EXERCISE OBJECTIVE.
The copy you give must match the listing below exactly and contain no pictures.

DATA EXCERPT.
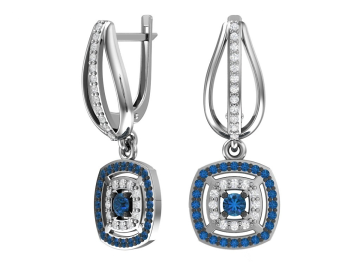 Серебряные серьги 925 пробы, вставка Циркон 
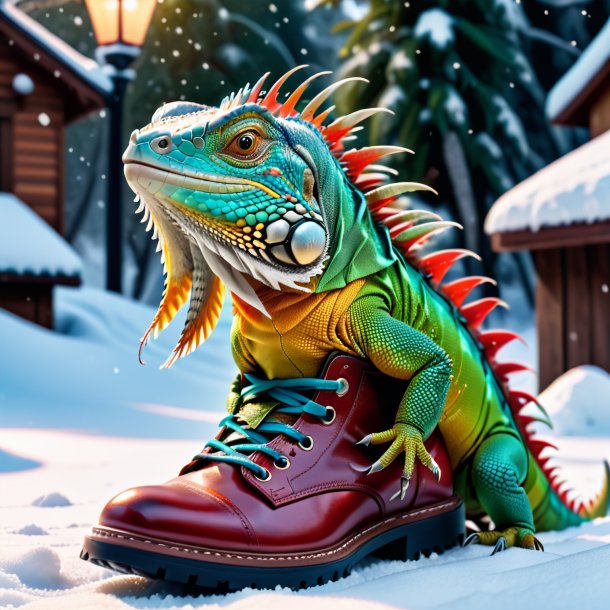 Photo of a iguana in a shoes in the snow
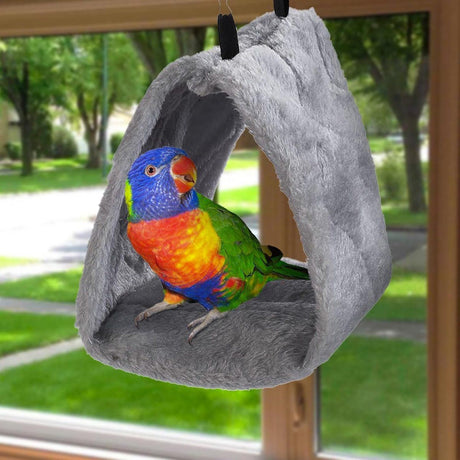 Pet Bird Hammock Plush Hanging Bed Black and Blue, Size M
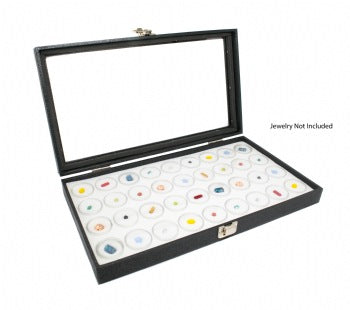 Glass Top Display Case with 36 Gem Jar insert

TASK RESULT.
 Серебряные серьги 925 пробы, вставка Циркон 
 Photo of a iguana in a shoes in the snow
 Pet Bird Hammock Plush Hanging Bed Black and Blue, Size M
 Glass Top Display Case with 36 Gem Jar insert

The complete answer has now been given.